Settings

Theme

Understanding the Go Runtime: The Scheduler

internals-for-interns.com

156 points by valyala 11 days ago · 49 comments

Reader

pss314 8 days ago

I enjoyed both these GopherCon talks:

GopherCon 2018: The Scheduler Saga - Kavya Joshi https://www.youtube.com/watch?v=YHRO5WQGh0k

GopherCon 2017: Understanding Channels - Kavya Joshi https://www.youtube.com/watch?v=KBZlN0izeiY

withinboredom 7 days ago

My biggest issue with go is it’s incredibly unfair scheduler. No matter what load you have, P99 and especially P99.9 latency will be higher than any other language. The way that it steals work guarantees that requests “in the middle” will be served last.

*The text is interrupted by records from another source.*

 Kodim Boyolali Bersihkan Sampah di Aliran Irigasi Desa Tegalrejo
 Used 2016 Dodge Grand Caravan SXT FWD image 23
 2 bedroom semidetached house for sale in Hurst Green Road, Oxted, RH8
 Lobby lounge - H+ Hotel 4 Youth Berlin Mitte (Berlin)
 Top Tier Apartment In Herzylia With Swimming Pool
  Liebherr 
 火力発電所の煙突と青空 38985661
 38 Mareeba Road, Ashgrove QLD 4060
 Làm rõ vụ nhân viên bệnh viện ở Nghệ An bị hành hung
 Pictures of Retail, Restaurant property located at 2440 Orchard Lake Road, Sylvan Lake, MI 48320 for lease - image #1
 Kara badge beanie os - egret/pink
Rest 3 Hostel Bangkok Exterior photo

It’s a problem that only go can solve, but that means giving up some of your speed that are currently handled immediately that shouldn’t be. So overall latency will go up and P99 will drop precipitously. Thus, they’ll probably never fix it.

If you have a system that requires predictable latency, go is not the right language for it.

  • mknyszek 7 days ago

    > Thus, they’ll probably never fix it.

    I'm sorry you had a bad experience with Go. What makes you say this? Have you filed an issue upstream yet? If not, I encourage you to do so. I can't promise it'll be fixed or delved into immediately, but filing detailed feedback like this is really helpful for prioritizing work.

  • _rlh 5 days ago

    “It’s a problem that only go can solve”

    I had this discussion a decade ago and concluded that a reasonable fair scheduler could be built on top of the go runtime scheduler by gating the work presented. The case was be made that the application is the proper, if not only, place to do this. Other than performance, if you encountered a runtime limitation then filing an issue is how the Go community moves forward.

  • melodyogonna 7 days ago

    > If you have a system that requires predictable latency, go is not the right language for it.

    Having a garbage collector already make this the case, it is a known trade off.

  • pjmlp 7 days ago

    It misses having a custom scheduler option, like Java and .NET runtimes offer, unfortunely that is too many knobs for the usual Go approach to language design.

    Having a interface for how it is supposed to behave, a runtime.SetScheduler() or something, but it won't happen.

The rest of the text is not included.